During New Student Orientation, students explored the theme year by reading and discussing the book “Reality Is Broken: Why Games Make Us Better and How They Can Change the World” by Jane McGonigal. The book examines the role that video and computer games play in people’s lives.  

The far-reaching academic component of the Year of Games is “designed to bring together a wide range of perspectives, across all parts of campus,” explains Provost Vincent Price. “We are pleased to see the variety of interdisciplinary topics and approaches that characterize this year’s courses about games.”

At Wharton, Kevin Werbach, one of several professors studying “gamification,” plans to teach a course titled “Digital Game Design Techniques for Business: Rules, Incentives, Applications.” The course will explore how different aspects of gaming can be applied to business through areas such as marketing, human resources management, productivity enhancement, training, innovation and customer engagement.

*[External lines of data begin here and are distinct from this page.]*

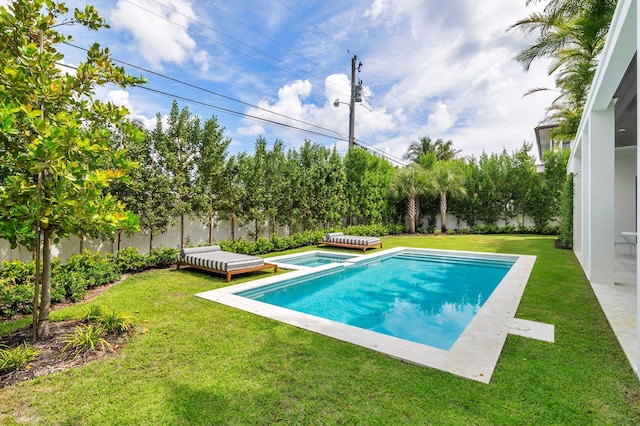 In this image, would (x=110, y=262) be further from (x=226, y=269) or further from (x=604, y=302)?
(x=604, y=302)

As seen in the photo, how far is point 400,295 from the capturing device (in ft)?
25.3

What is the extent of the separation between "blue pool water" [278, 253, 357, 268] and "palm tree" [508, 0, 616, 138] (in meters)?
10.7

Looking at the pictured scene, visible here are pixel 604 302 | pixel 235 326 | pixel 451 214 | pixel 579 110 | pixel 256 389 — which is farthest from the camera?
pixel 451 214

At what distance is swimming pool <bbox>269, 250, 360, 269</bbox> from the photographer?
1143 centimetres

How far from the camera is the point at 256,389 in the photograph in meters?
3.08

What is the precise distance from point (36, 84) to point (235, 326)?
3.84m

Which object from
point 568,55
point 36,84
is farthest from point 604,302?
point 568,55

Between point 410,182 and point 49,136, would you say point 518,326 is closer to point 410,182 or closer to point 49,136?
point 49,136

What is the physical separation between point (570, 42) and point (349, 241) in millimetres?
12037

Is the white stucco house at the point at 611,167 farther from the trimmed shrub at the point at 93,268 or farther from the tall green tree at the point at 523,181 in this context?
the tall green tree at the point at 523,181

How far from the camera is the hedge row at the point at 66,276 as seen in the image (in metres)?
5.36

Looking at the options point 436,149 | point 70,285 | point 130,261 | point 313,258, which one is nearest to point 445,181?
point 436,149

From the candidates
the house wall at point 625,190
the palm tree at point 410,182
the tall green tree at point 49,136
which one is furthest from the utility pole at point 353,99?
the tall green tree at point 49,136

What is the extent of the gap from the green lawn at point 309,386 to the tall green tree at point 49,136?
159 centimetres
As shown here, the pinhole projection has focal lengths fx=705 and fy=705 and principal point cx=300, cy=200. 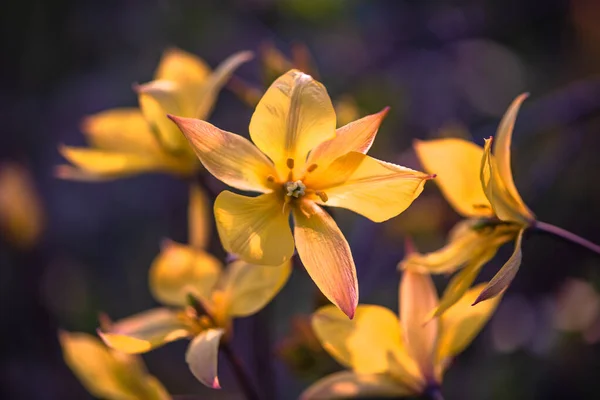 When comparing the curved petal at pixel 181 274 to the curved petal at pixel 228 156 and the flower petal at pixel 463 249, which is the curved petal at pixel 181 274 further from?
the flower petal at pixel 463 249

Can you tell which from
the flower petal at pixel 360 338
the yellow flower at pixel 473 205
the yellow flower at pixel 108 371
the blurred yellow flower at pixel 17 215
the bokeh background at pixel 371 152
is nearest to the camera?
the yellow flower at pixel 473 205

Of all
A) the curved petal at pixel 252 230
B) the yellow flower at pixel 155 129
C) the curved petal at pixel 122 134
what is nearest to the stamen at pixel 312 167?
the curved petal at pixel 252 230

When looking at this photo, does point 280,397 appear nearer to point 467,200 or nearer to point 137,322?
point 137,322

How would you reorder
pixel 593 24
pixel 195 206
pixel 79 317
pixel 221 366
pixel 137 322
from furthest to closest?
1. pixel 593 24
2. pixel 221 366
3. pixel 79 317
4. pixel 195 206
5. pixel 137 322

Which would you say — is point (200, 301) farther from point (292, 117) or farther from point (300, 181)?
point (292, 117)

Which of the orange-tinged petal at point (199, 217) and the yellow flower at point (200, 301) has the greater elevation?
the orange-tinged petal at point (199, 217)

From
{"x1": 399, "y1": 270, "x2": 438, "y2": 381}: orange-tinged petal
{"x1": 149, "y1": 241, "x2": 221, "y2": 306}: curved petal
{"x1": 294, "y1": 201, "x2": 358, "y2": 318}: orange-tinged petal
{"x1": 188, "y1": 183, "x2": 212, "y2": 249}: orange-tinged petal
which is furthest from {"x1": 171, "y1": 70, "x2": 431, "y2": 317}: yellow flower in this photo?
{"x1": 188, "y1": 183, "x2": 212, "y2": 249}: orange-tinged petal

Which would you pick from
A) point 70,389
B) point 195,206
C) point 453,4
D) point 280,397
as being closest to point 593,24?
point 453,4

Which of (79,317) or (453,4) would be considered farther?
(453,4) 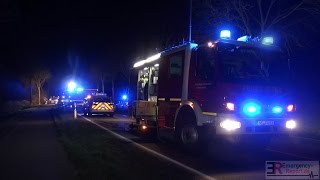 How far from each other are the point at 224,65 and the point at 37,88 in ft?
274

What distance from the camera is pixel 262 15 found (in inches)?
1067

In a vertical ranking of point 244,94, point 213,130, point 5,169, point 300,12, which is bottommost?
point 5,169

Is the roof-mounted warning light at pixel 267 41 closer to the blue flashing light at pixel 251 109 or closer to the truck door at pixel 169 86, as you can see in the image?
the blue flashing light at pixel 251 109

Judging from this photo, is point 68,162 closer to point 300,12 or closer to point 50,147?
point 50,147

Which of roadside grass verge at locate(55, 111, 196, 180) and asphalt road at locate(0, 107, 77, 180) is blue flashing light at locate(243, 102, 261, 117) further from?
asphalt road at locate(0, 107, 77, 180)

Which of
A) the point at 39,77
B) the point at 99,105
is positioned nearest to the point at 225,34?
the point at 99,105

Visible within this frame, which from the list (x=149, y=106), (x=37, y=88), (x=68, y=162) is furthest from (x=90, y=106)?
(x=37, y=88)

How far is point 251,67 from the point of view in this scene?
1197cm

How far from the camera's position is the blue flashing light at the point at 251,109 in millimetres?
11414

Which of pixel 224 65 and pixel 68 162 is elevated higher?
pixel 224 65

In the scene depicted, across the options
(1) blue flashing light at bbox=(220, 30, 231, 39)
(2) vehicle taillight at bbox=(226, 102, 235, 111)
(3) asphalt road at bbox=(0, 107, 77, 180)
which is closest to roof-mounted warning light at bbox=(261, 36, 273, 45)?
(1) blue flashing light at bbox=(220, 30, 231, 39)

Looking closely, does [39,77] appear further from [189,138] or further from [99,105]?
[189,138]

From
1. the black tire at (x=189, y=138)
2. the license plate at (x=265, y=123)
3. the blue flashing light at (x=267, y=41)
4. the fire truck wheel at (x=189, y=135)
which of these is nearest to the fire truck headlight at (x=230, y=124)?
the license plate at (x=265, y=123)

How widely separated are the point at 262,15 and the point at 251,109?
16774 mm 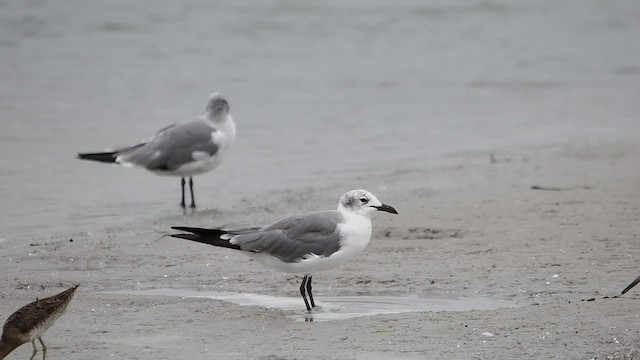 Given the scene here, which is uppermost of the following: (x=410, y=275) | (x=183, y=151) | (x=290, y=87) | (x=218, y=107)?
(x=218, y=107)

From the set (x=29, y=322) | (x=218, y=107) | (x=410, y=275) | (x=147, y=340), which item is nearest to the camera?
(x=29, y=322)

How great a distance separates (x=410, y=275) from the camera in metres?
8.07

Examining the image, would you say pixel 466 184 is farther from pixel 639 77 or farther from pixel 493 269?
pixel 639 77

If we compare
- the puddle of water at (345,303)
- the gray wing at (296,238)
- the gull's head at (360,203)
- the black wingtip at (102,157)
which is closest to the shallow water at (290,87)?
the black wingtip at (102,157)

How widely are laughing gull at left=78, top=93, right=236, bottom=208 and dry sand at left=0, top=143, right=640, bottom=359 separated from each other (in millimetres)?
741

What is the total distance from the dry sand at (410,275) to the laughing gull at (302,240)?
13.2 inches

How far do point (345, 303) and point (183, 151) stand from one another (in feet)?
13.6

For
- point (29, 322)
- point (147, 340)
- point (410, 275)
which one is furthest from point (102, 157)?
point (29, 322)

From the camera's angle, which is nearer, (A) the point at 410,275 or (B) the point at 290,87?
(A) the point at 410,275

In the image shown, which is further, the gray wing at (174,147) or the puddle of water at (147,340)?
the gray wing at (174,147)

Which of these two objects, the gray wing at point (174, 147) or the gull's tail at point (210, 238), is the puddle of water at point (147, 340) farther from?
Answer: the gray wing at point (174, 147)

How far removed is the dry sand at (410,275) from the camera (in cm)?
637

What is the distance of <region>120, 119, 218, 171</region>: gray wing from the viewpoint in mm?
11266

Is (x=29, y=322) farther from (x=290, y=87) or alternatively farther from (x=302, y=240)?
(x=290, y=87) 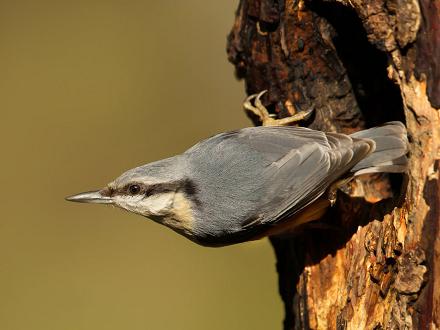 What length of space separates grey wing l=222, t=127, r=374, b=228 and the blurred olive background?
2159 millimetres

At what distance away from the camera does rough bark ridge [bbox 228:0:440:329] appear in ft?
8.95

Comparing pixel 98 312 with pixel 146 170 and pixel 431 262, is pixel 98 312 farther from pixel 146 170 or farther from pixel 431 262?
pixel 431 262

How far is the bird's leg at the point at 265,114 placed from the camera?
346cm

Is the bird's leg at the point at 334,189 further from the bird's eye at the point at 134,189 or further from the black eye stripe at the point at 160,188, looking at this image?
the bird's eye at the point at 134,189

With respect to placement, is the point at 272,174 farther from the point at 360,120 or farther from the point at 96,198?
the point at 96,198

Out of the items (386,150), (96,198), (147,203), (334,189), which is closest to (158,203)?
(147,203)

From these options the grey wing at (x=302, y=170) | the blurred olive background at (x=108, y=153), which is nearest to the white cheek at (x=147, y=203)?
the grey wing at (x=302, y=170)

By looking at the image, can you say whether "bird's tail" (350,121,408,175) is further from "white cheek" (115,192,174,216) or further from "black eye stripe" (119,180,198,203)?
"white cheek" (115,192,174,216)

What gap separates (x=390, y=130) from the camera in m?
3.19

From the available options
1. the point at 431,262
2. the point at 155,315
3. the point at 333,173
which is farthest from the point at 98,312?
the point at 431,262

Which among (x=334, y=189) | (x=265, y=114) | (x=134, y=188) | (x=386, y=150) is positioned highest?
(x=265, y=114)

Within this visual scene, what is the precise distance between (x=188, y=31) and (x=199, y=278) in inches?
89.6

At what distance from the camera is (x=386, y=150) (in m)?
3.18

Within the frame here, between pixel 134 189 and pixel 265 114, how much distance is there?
794 millimetres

Across campus, professors from various departments are already conducting research about games, including game theory, design, sports law, ancient games, decision-making and conflict management.
Howard Stevenson and Duane Thomas at the Graduate School of Education are working on a project to help adolescents manage personal conflicts through interactive basketball games. Also, a team in the School of Engineering and Applied Science has created a vest that allows video game players to physically feel the impact of a simulated gunshot blast as they play, adding a fourth dimension to the world of games.